Unsettled Christianity

Gloria Dei homo vivens – St Irenaeus
October 17th, 2016 by Joel Watts

ignorant laity (a quote by John Calvin)

I believe in icons, but I think that using them in the place of sound teaching produces idol worshipers. If we read the words of John Calvin in this light, I think we see the root of the problem in many of our denominations today. No one is actually teaching.

But then we shall also answer that this is not the method of teaching within the sacred precincts believing folk, whom God wills to be instructed there with a far different doctrine than this trash. In the preaching of his Word and sacred mysteries he has bidden that a common doctrine be there set forth for all. But those whose eyes rove about in contemplating idols betray that their minds are not diligently intent upon this doctrine.

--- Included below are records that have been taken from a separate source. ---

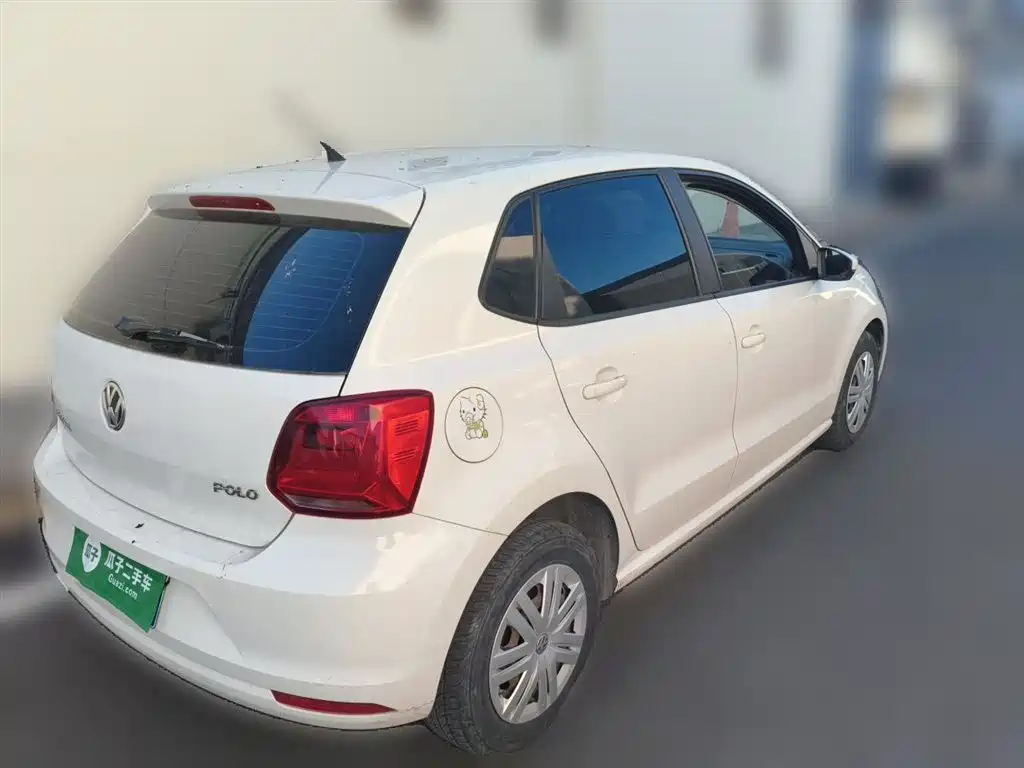 Volkswagen Polo 2016 1.4L Automatic Trend фото 4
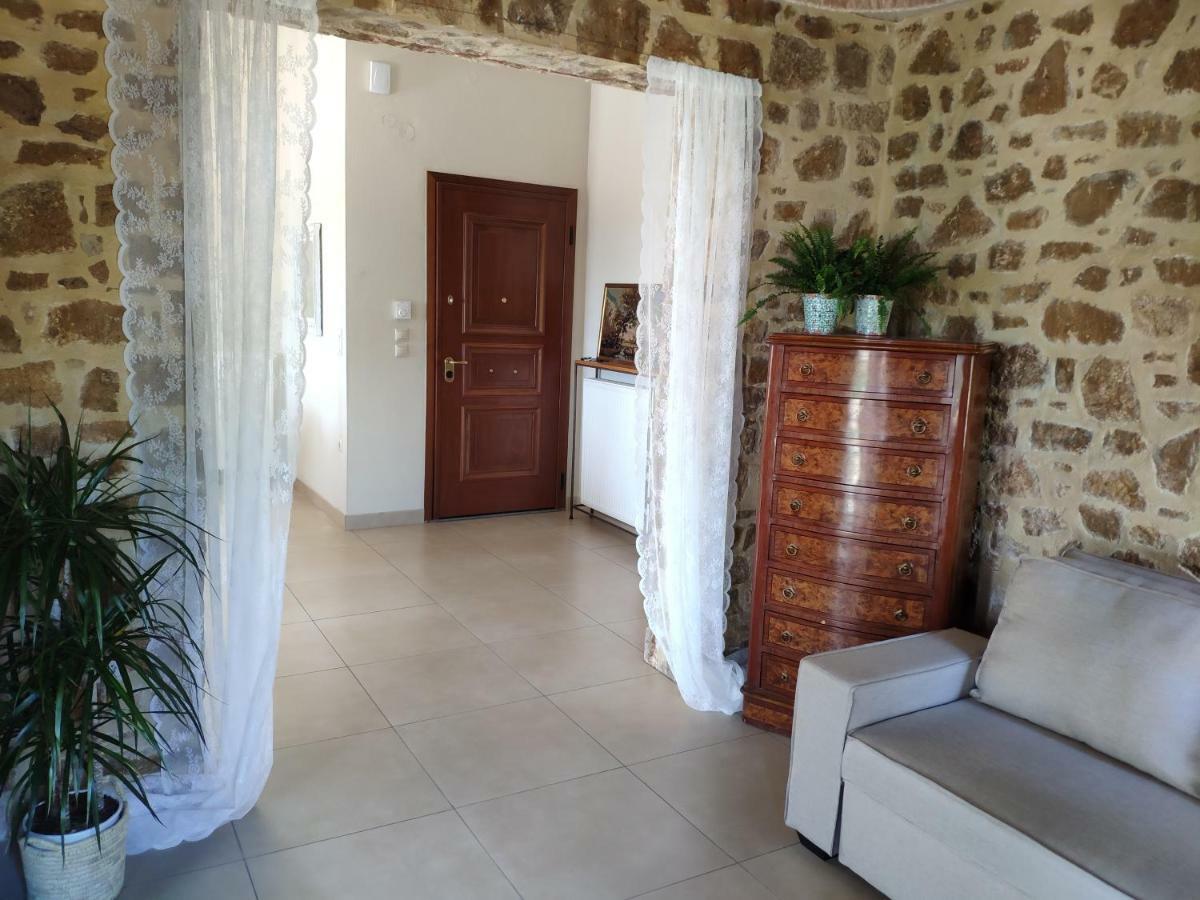 Olive Tree Cottage 2 Néa Péramos Eksteriør billede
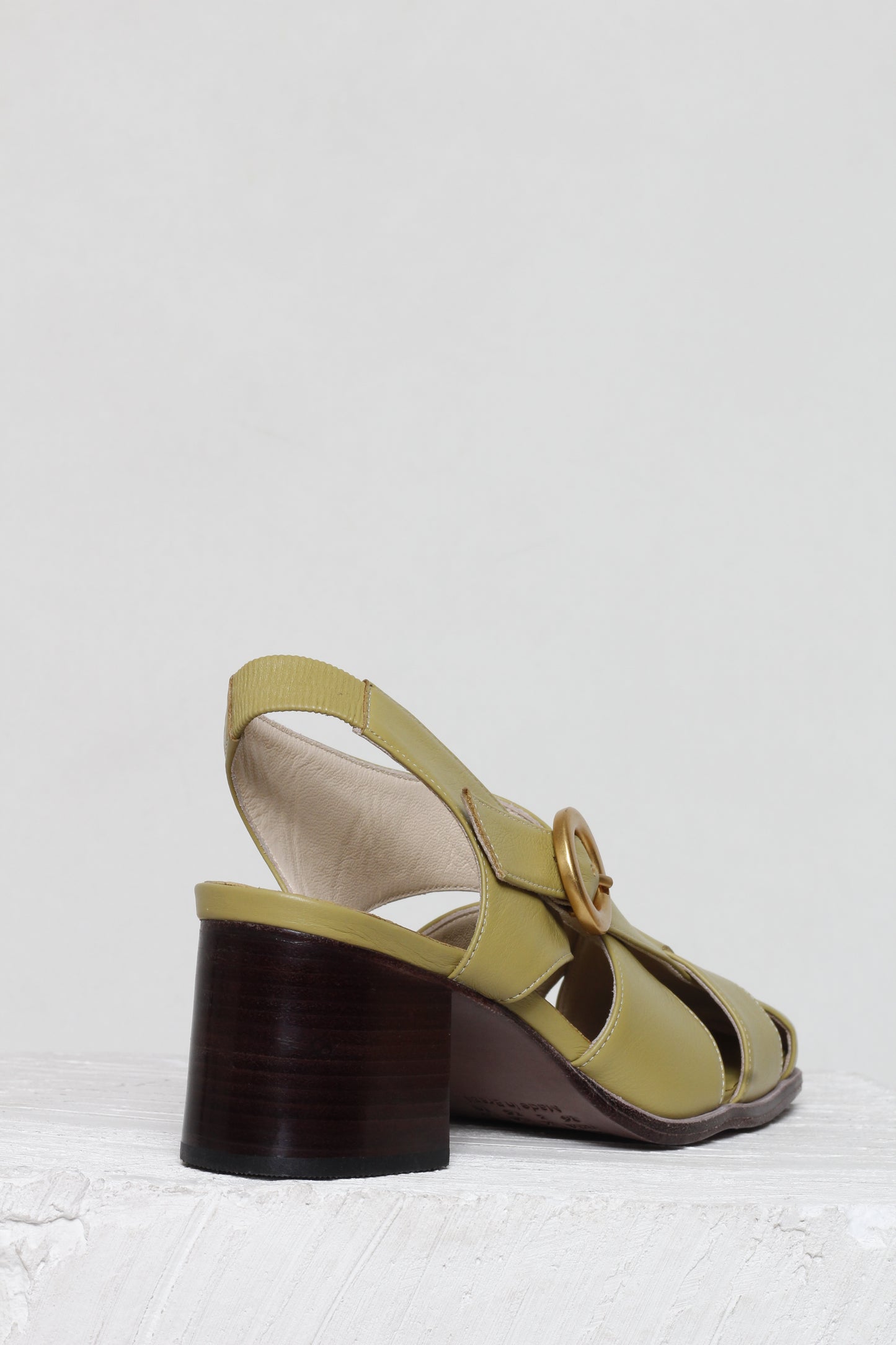 Lucia Green Leather Pumps by Mafalda Handmade wooden heel detail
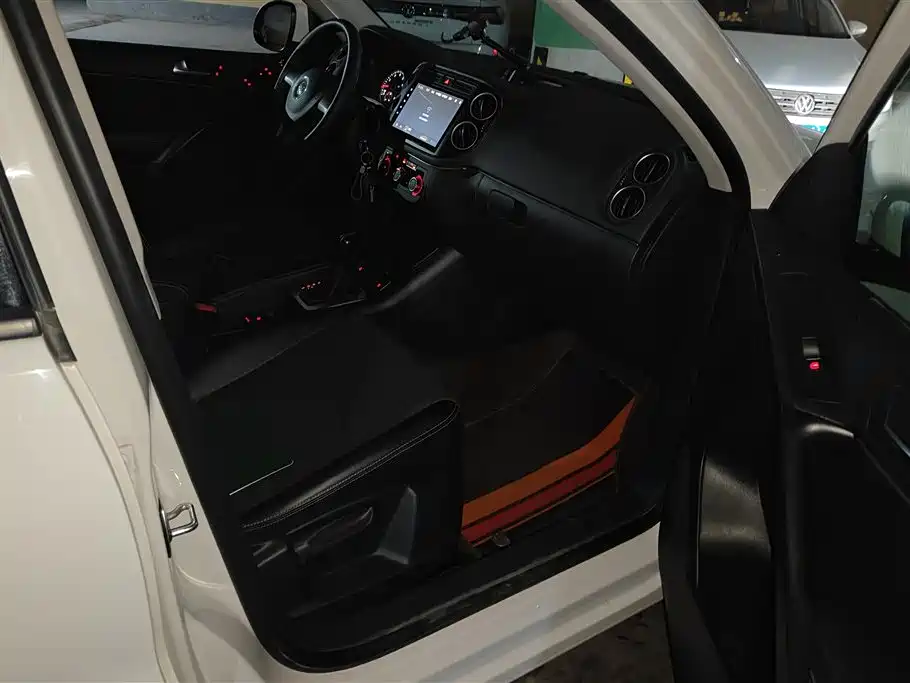 Volkswagen Tiguan 2017 300TSI Automatic 2WD Silk Road Fashion Edition фото 8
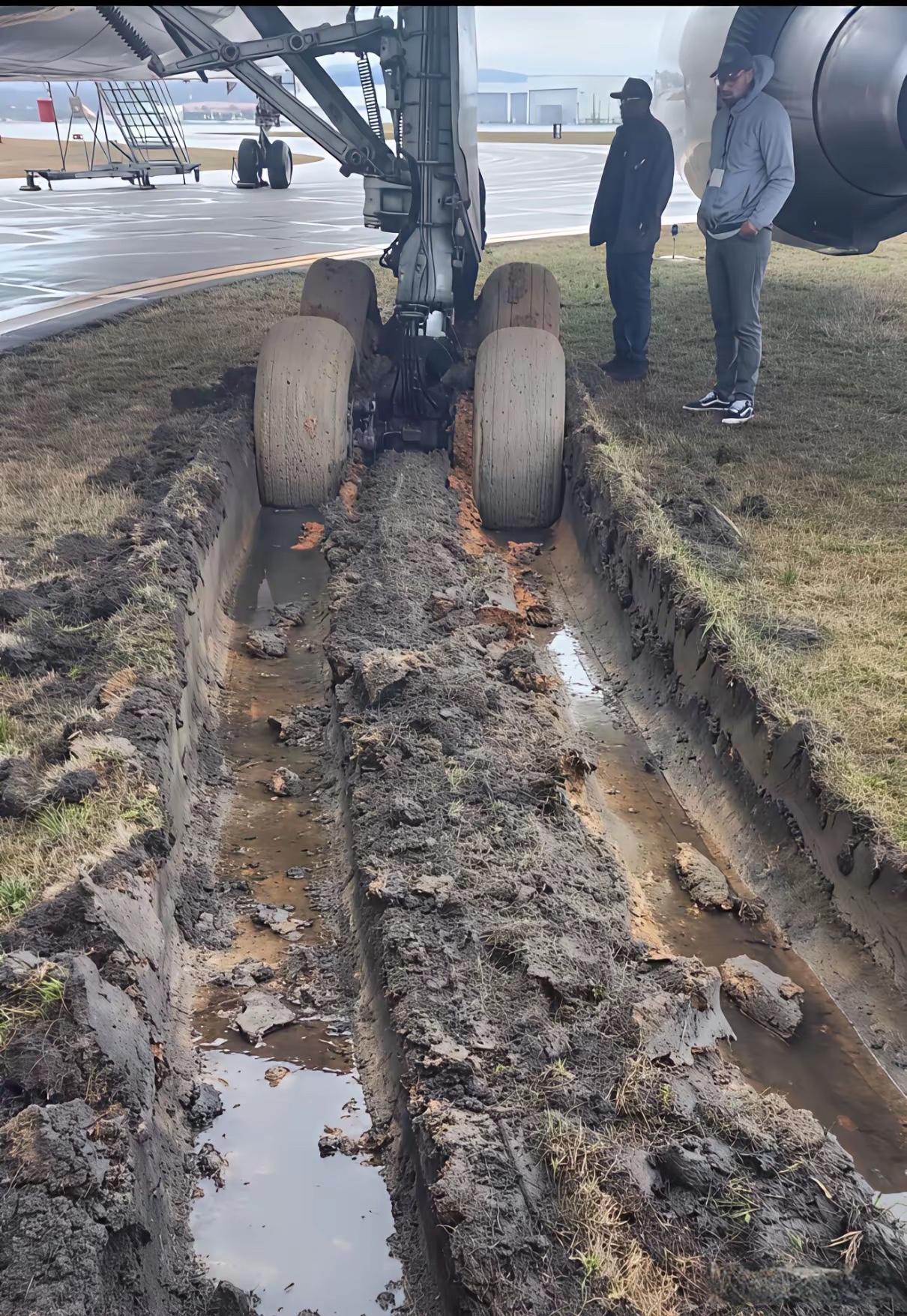 这个驾驶员的技术也不太好吧[捂脸哭]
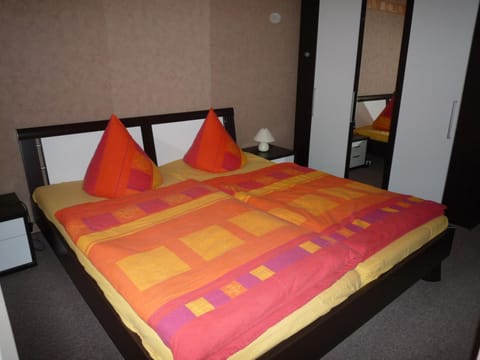 Bed, Bedroom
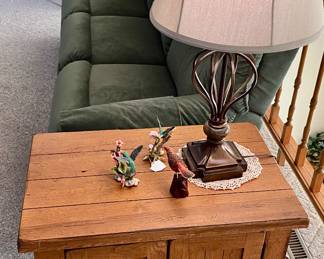 Beautiful rare Broyhill Attic Heirlooms Nightstand/End Table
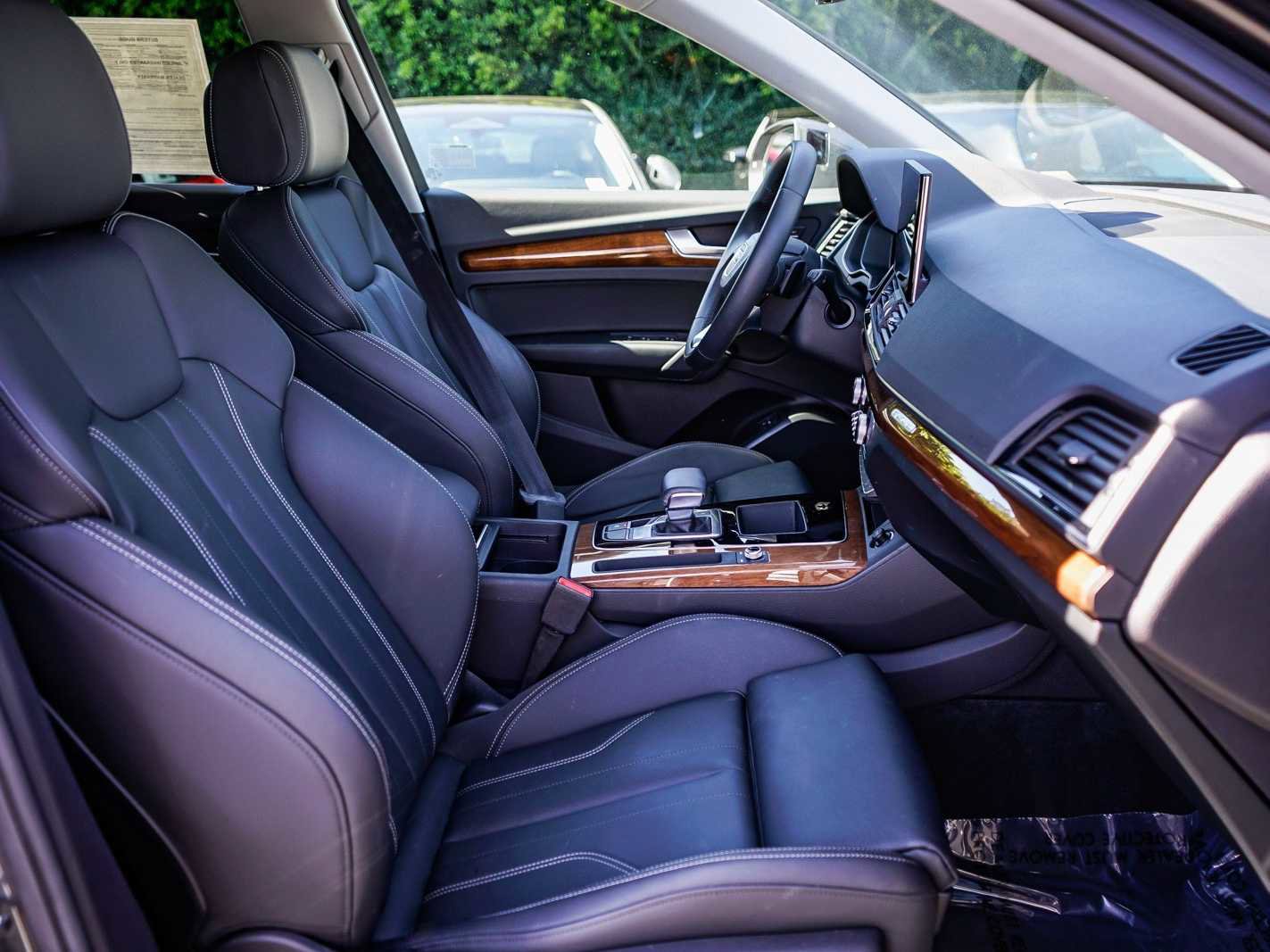 Used 2022 Audi Q5 e Premium w/ Convenience Package image 16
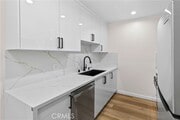 Photo - 409 Burchett St Unit 312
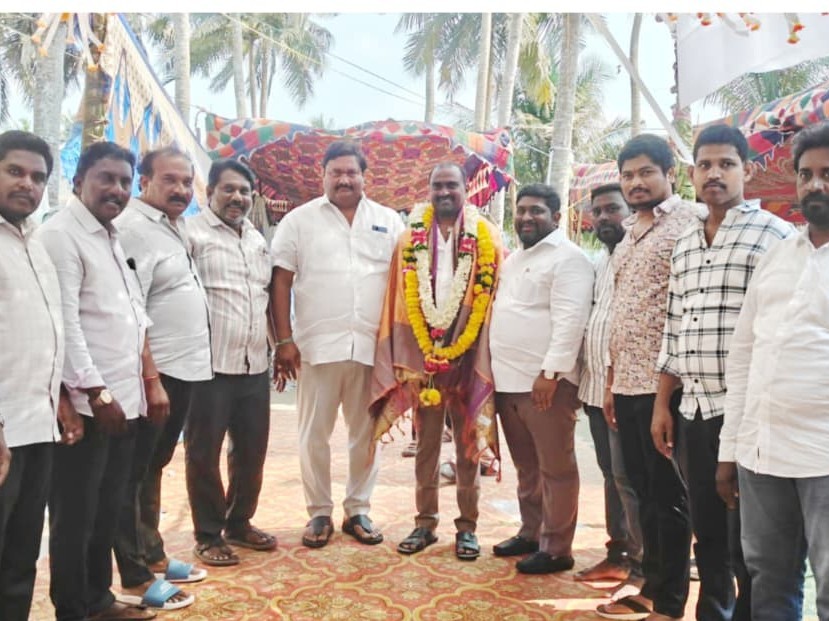 వైసీపీ ఎస్సీ సెల్ ఉపాధ్యక్షుడికి ఘన సత్కారం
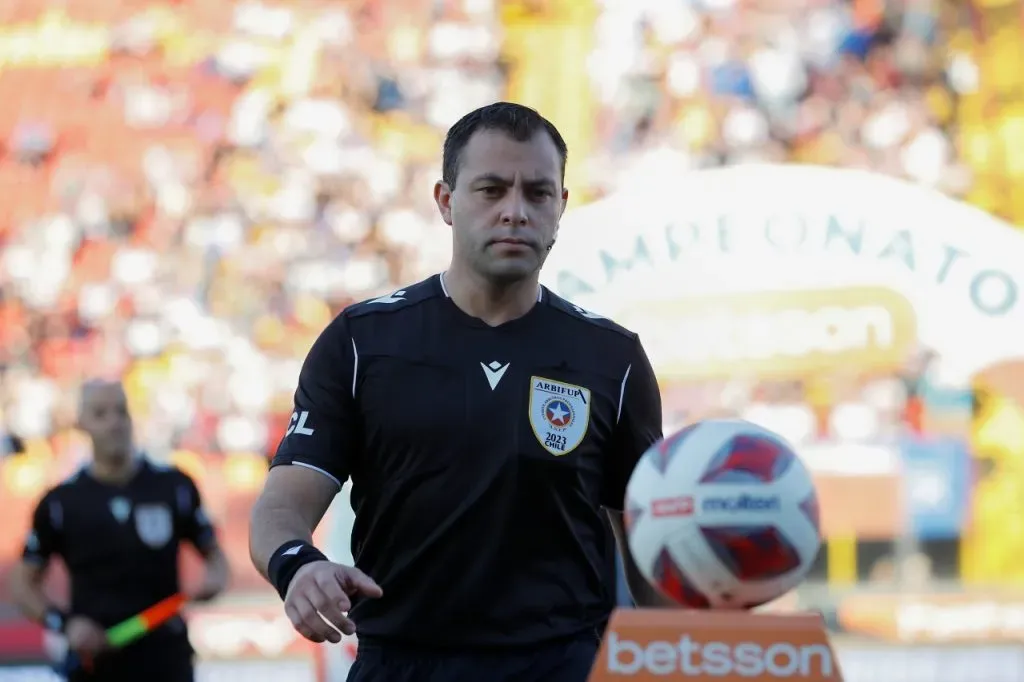 Diego Flores debutó este año como árbitro de Primera División (Photosport)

Therefore, whom, then, do the papists call uneducated whose ignorance allows them to be taught by images alone? Those, indeed, whom the Lord recognizes as his disciples, cwhom he honors by the revelation of his heavenly philosophy, whom he wills to be instructed in the saving mysteries of his Kingdom. I confess, as the matter stands, that today there are not a few who are unable to do without such “books.” But whence, I pray you, this stupidity if not because they are defrauded of that doctrine which alone was fit to instruct them? Indeed, those in authority in the church turned over to idols the office of teaching for no other reason than that they themselves were mute. cPaul testifies that by the true preaching of the gospel “Christ is depicted before our eyes as crucified” [Gal. 3:1 p.]. aWhat purpose did it serve for so many crosses—of wood, stone, silver, and gold—to be erected here and there in churches, if this fact had been duly and faithfully taught: that Christ died on the cross to bear our curse [Gal. 3:13], to expiate our sins by the sacrifice of his body [Heb. 10:10], to wash them by his blood [Rev. 1:5], in short, to reconcile us to God the Father [Rom. 5:10]? From this one fact they could have learned more than from a thousand crosses of wood or stone. For perhaps the covetous fix their minds and eyes more tenaciously upon gold and silver than upon any word of God.1

  1. Calvin, J. (2011). Institutes of the Christian Religion & 2. (J. T. McNeill, Ed., F. L. Battles, Trans.) (Vol. 1, p. 107). Louisville, KY: Westminster John Knox Press.
Joel Watts
Watts holds a MA in Theological Studies from United Theological Seminary. He is currently a Ph.D. student at the University of the Free State, analyzing Paul’s model of atonement in Galatians, as well as seeking an MA in Clinical Mental Health at Adams State University. He is the author of Mimetic Criticism of the Gospel of Mark: Introduction and Commentary (Wipf and Stock, 2013), a co-editor and contributor to From Fear to Faith: Stories of Hitting Spiritual Walls (Energion, 2013), and Praying in God's Theater, Meditations on the Book of Revelation (Wipf and Stock, 2014).

Comments

One Response to “ignorant laity (a quote by John Calvin)”
  1. I visited, as I abundantly mentioned on #fb, a Reformed Episcopalian (Anglican) Church last week. Other than things that were simply beyond my customs, such as bowing to the crucifix, which I think were minor things, I couldn’t find anything I didn’t like. Pertinent to this post is the fact that, in every aspect of their liturgy, this church is, in fact and directly, teaching! There were no idols there, but the words of the minister (priest), from the Word of God, the motions and movements leading the audience to the centrality of the Cross and that the worshiped entity was the only important thing, not the worshiping one, were again, in fact and directly teaching the Word of God. Somehow some Reformed Denominations, or those who are really, off-shot thereby, managed to maintain a healthy measure of symbolism without delving into idolatry.

    I believe this to be only one of the legacies of the teaching of John Calvin.

    In fairness I have to give Joel Watts (apart from the other God, the one who sits on the throne) for arousing in me the interest to return to what I call good tradition.